John Vivian Drummond Nettles, OBE (born 11 October 1943) is an English actor and writer. Nettles is perhaps best known for playing the lead roles in the long-running television series Bergerac and Midsomer Murders.
Nettles was born in St Austell, Cornwall in 1943. His birth mother was an Irish nurse who came to work in the United Kingdom during the Second World War. He was adopted at birth by carpenter Eric Nettles and his wife Elsie. As a youth he attended St Austell Grammar School. In 1962, he studied history and philosophy at the University of Southampton. There he first performed as an actor, and after graduation he joined the Royal Court Theatre.

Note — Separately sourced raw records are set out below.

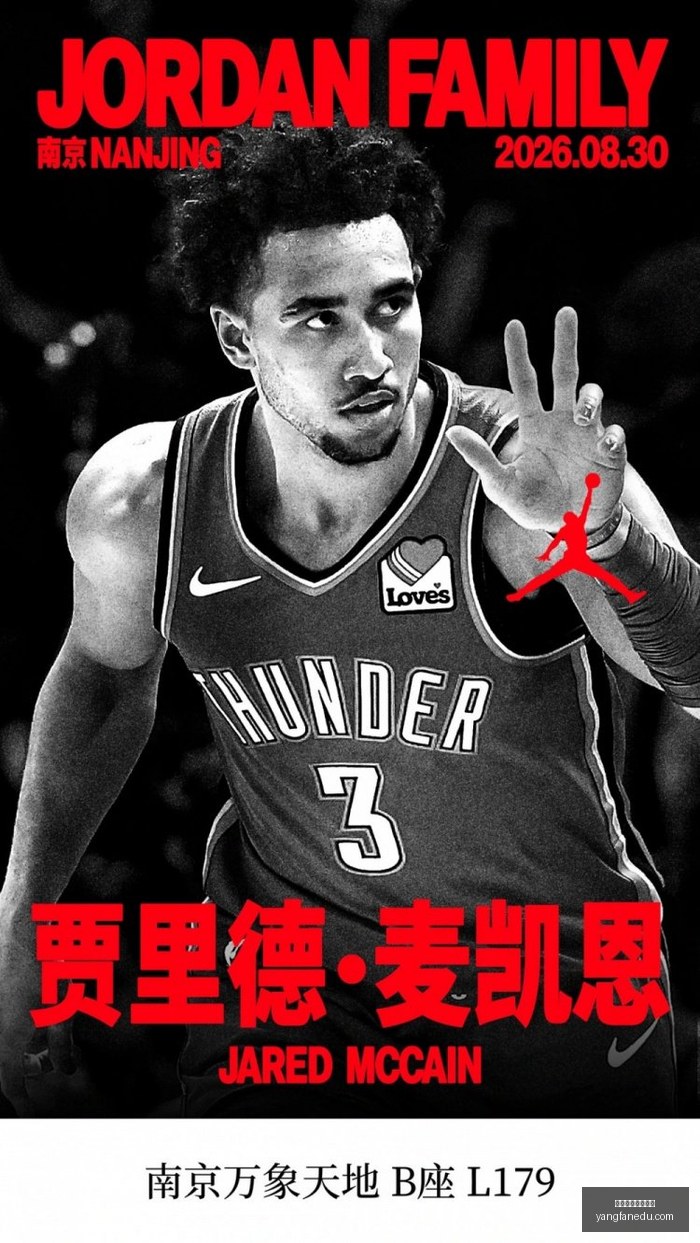 哈兰德欧冠,进球超越,岁少年与梅,博鱼体育官方网站,在线体育平台,体育博彩,足球投注,篮球投注,博鱼官网,体育赛事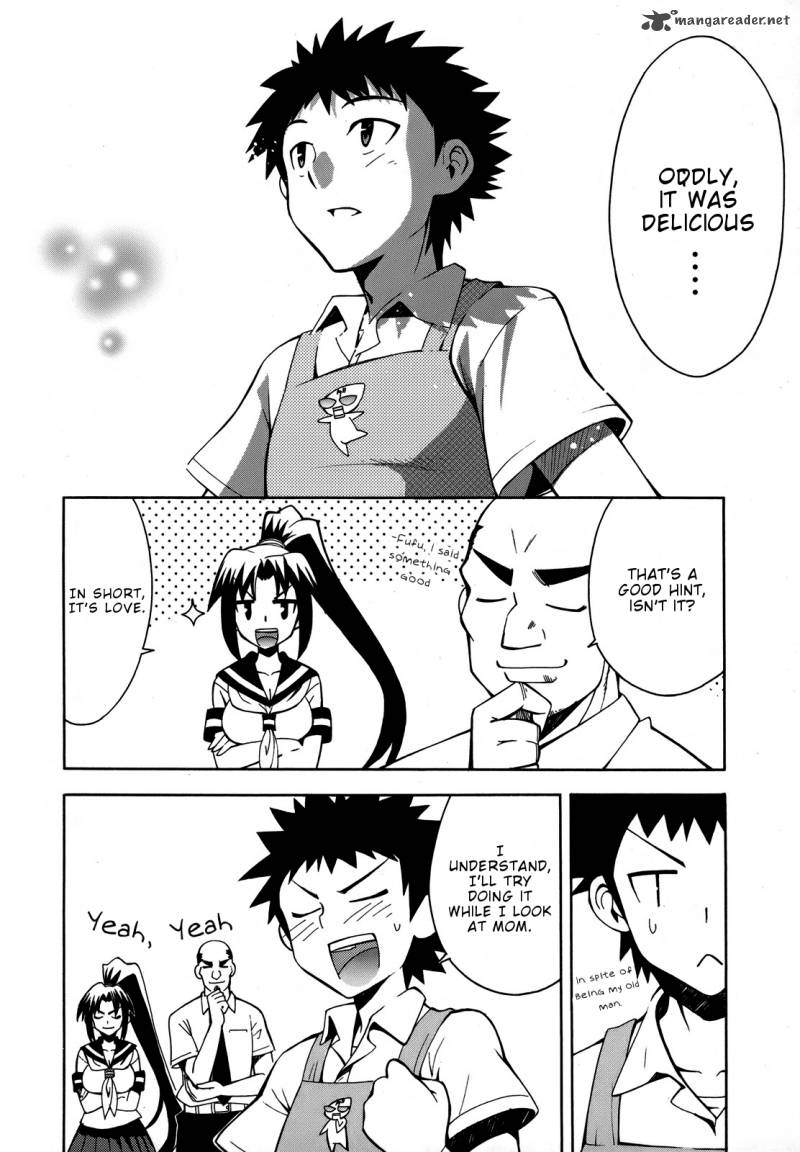 Meteo San Sutoraiku Desu 2 27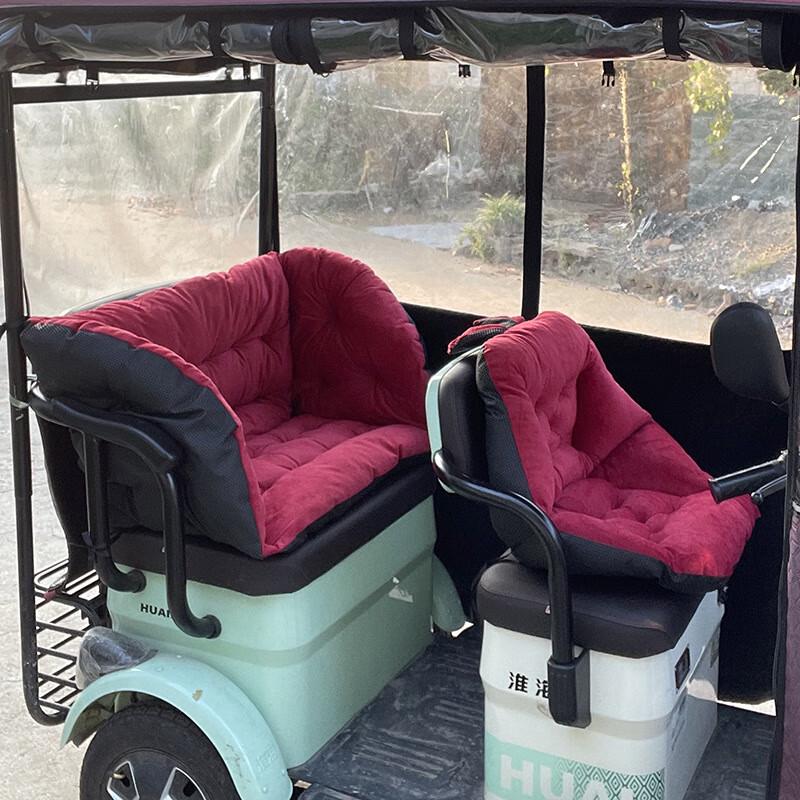 Yiyayun Winddichtes Kristall-Samt Elektrisches Dreirad Sitzkissen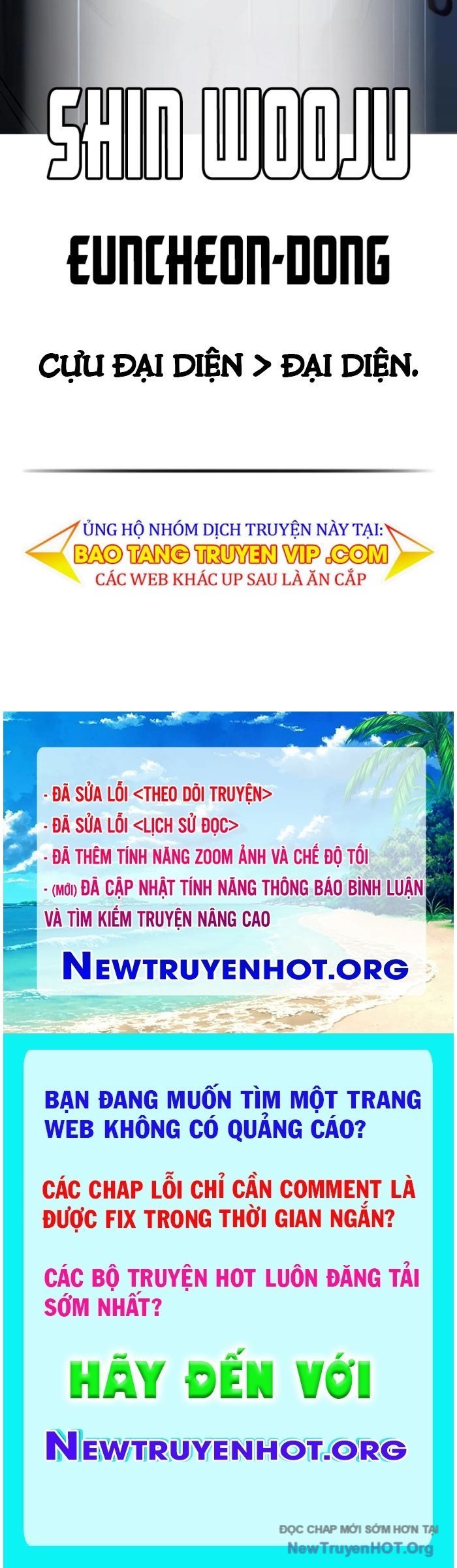 Nhiệm Vụ Đời Thật Chapter 167 - Trang 2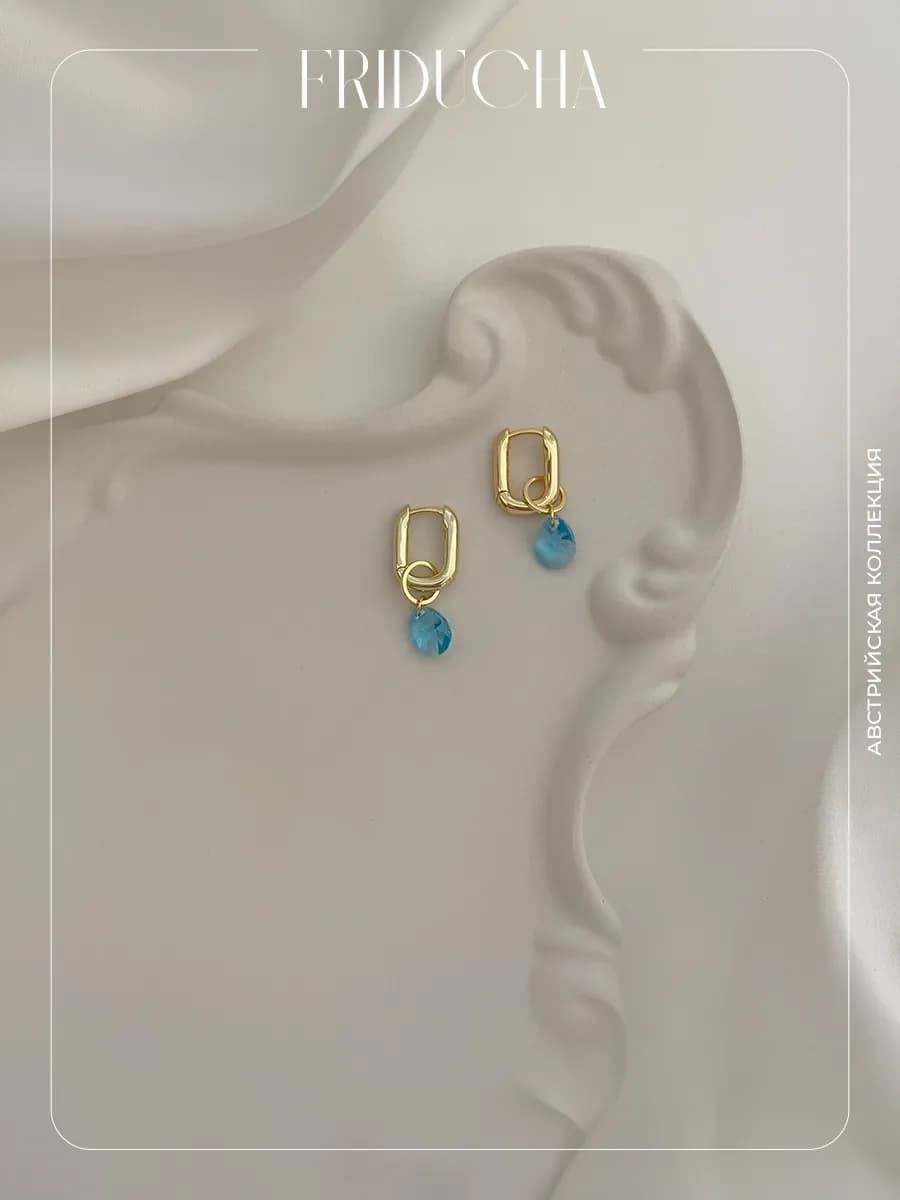 Подвески Aguamarina Luz Swarovski, позолота, 2 шт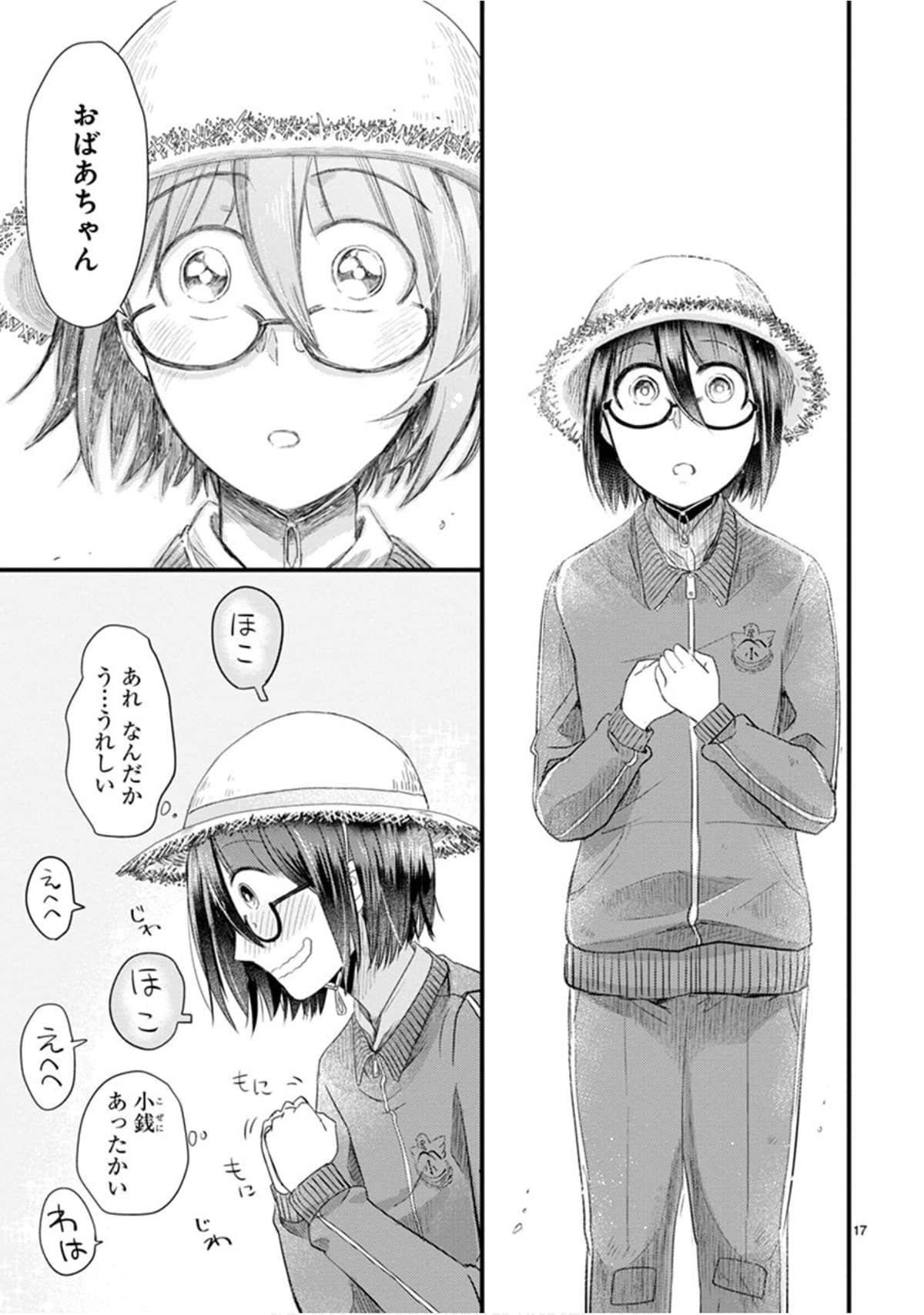 Page 56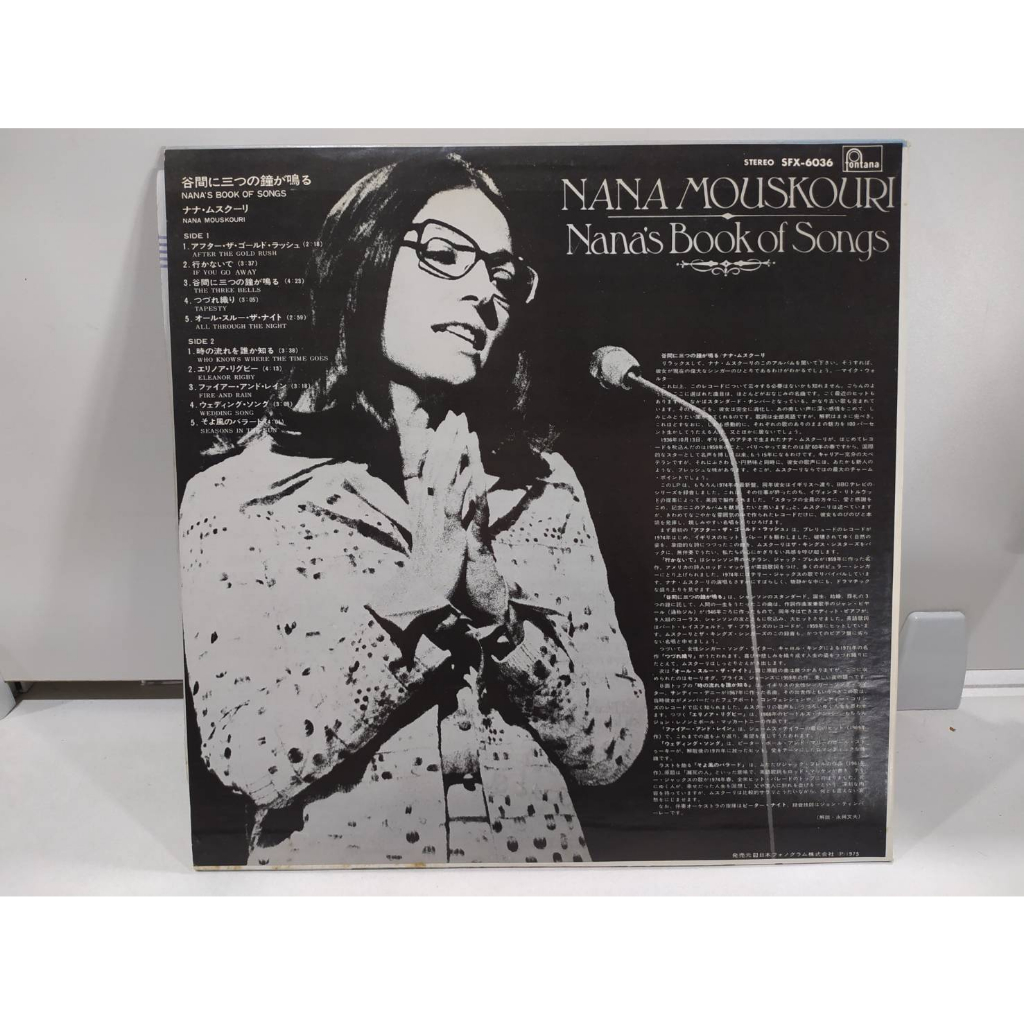 1lp-vinyl-records-แผ่นเสียงไวนิล-nana-mouskouri-nanas-book-of-songs-e16b42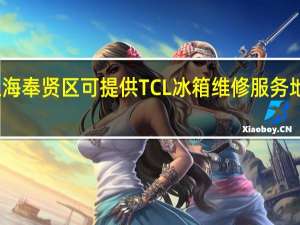 上海奉贤区可提供TCL冰箱维修服务地址在哪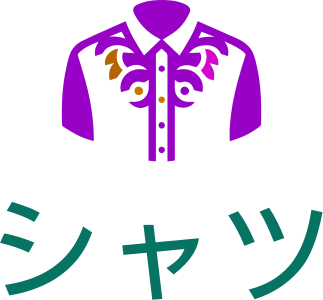 シャツ logo design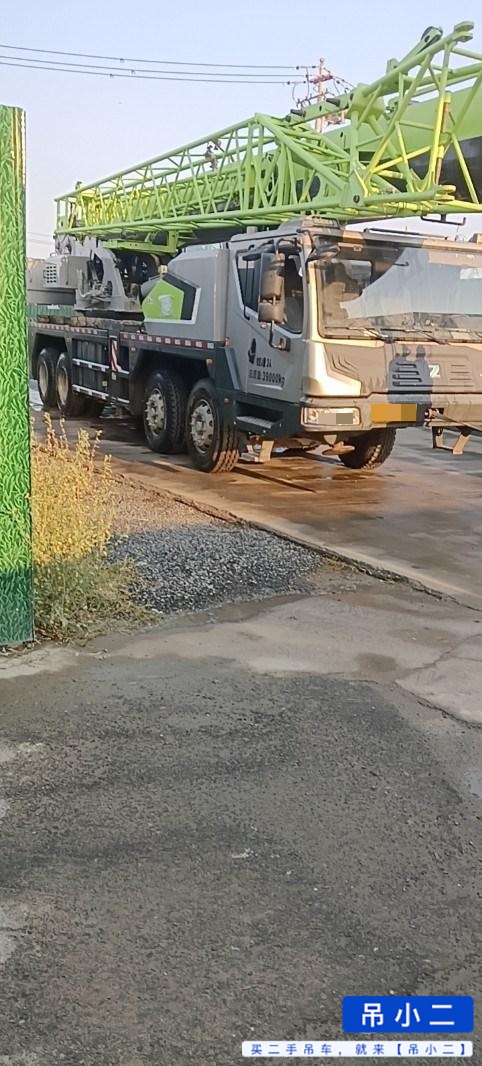 吊小二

Nettles played Laertes to Tom Courtenay's Hamlet in 1969 at the University Theatre for 69 Theatre Company in Manchester. From 1969 to 1970, he was in repertory at the Northcott Theatre in Exeter, and in the latter year had his first screen role in the film One More Time. The following year he played Dr. Ian Mackenzie in the period drama A Family at War, a role he continued until 1972. Following that he had small parts in many TV programmes including The Liver Birds, Dickens of London, Robin of Sherwood and an episode of Enemy at the Door called "Officers of the Law", first broadcast in March 1978. The latter was set in Guernsey during the Second World War German occupation and Nettles played a police detective ordered to work for the Germans and anguished over the conflict between his duty and collaborating with the enemy. He played fraudster Giles Sutton in ITV's Heartbeat.